Many everyday problems that involve statistics require making many observations about something quantifiable and being able to figure out the most probable value of that observation. For example, maybe you’re trying to figure out what mileage your car’s giving you, so every time you fill the tank up, you record how many miles you go before you empty it out. You might ask, what is the average distance my car will go on a full tank?

One way to solve this problem is to take an average of all your observations. The simple average is not a very good statistical measure, mainly because it’s influenced by “outliers.” If one of the observations you took of how many miles you went on a full tank of gas involved a very long highway road trip, then the average measure will make it look like you get really awesome mileage. That’s why car companies have to report a highway and a city mileage – the average highway mileage is bound to be higher than the average city-only mileage, and taking an average that combines the two would be misleading.

So how does one get an accurate picture of averages that is less affected by these outliers? One way is to use *probability distributions*. A “distribution” is a mathematical equation that tells you how frequently a specific value is observed when you’re making a series of observations. For example, when you are tabulating your car’s mileage for each tank of gas you fill, you end up with a distribution that might go something like – 40% of the time, you get about 30 mpg, 20% of the time you get about 28 mpg, 22% of the time you get about 31 mpg, and so on.

A “normal” distribution is a very special kind of distribution for two reasons.
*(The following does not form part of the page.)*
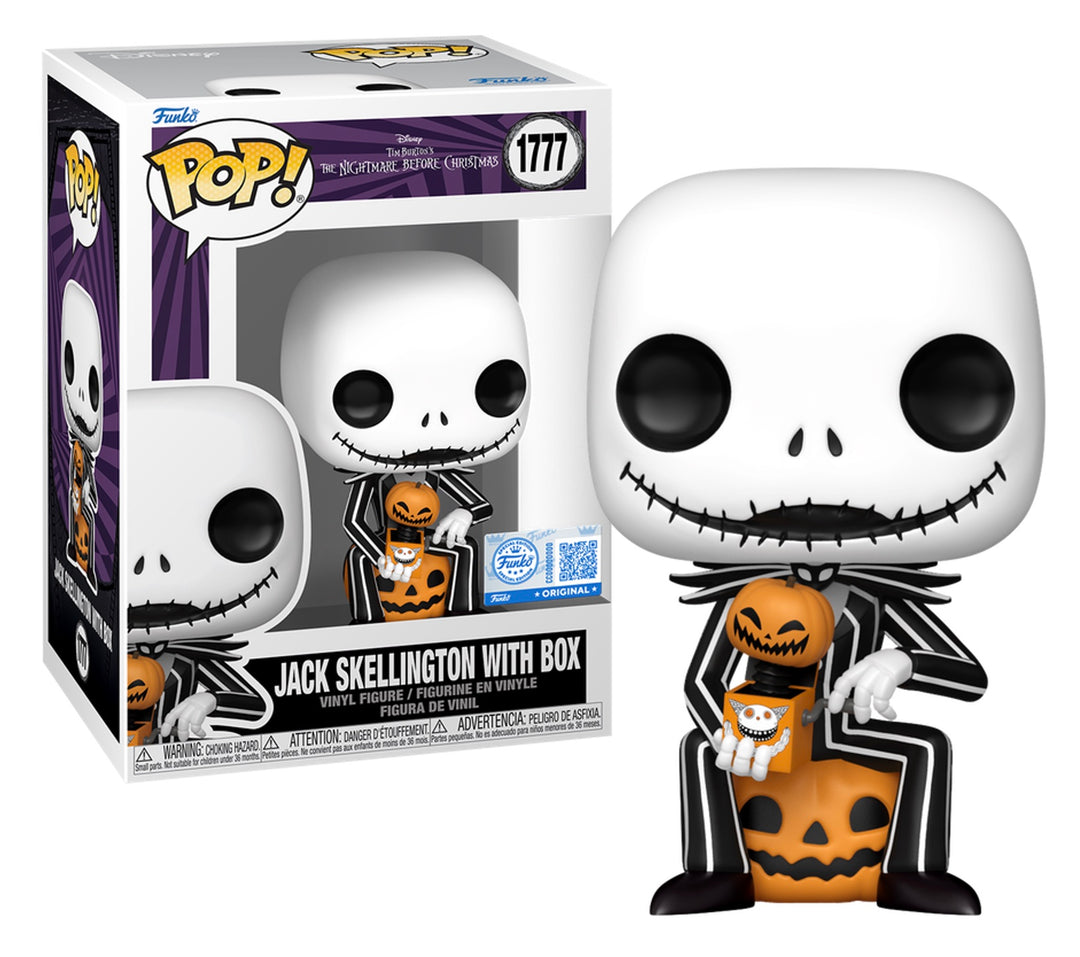 NIGHTMARE BEFORE CHRISTMAS - POP Disney N° 1777 - Jack with box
The first reason is that it occurs a lot in nature, and anything that is natural holds a special fascination for us human beings. If for example you measure how much each dog in a pack weighs, or how fast each one of a school of fish moves in an aquarium, or how big the pumpkins in a patch get – the distribution of these observations follows a common pattern. There is a single equation – this is where things get a bit spooky – that will describe every one of these natural phenomena. This equation is called the “normal distribution.”

One reason this pattern is so fascinating is that it’s very simple. The mathematical equation that describes a normal distribution requires only two variables – the “mean” of the distribution and its “standard deviation.” These two variables together tell you what the distribution says about what you’re observing. Once you’ve made a few observations, and figured out that your observations fit within a normal distribution – we’ll see how you do that, in a little bit – you can then use the distribution to predict what percentage of future observations will lie within a certain range.

If you’re starting to notice, for example, that your car goes about 300 miles on a full tank, you can then use the normal distribution to predict how far it will go, most of the time, in the future. It’s the predictability of various phenomena using the normal distribution that makes a lot of economics and planning possible in the real world.

There’s another reason the normal distribution is so awesome. It’s because of something called the *central limit theorem.* The central limit theorem has something to say about what happens when you have a lot of random events occurring together, and how they are related to the mathematics of the normal distribution. To understand this, let’s consider a lake full of frogs.

Imagine that in this lake, each frog acts independently of the others. This is a very critical requirement of the theorem, by the way, but it’s something that tends to be true in most of the natural world – things happen fairly independently of each other, at least for all practical purposes. Now every minute, let’s say you keep count of how many times each frog went *rib-bit.* Each frog has its own random behavior and there is no specific pattern that they are all following.

If you took the average number of *rib-bits* you got, across all the frogs, and kept track of that every minute, then the average number of *rib-bits *you observe will, as you tally them over time, start to fall into… you guessed it, a normal distribution. This is true no matter how many frogs there are, and what behavior each individual frog is exhibiting, with regards to its *ribbit*ing.

The central limit theorem means that even when something isn’t following a normal distribution, it’s possible to find a way of combining it with other phenomena to create a normal distribution. A large number of frogs, acting independently of each other, will combine to create a normal distribution of number of *rib-bits* per day.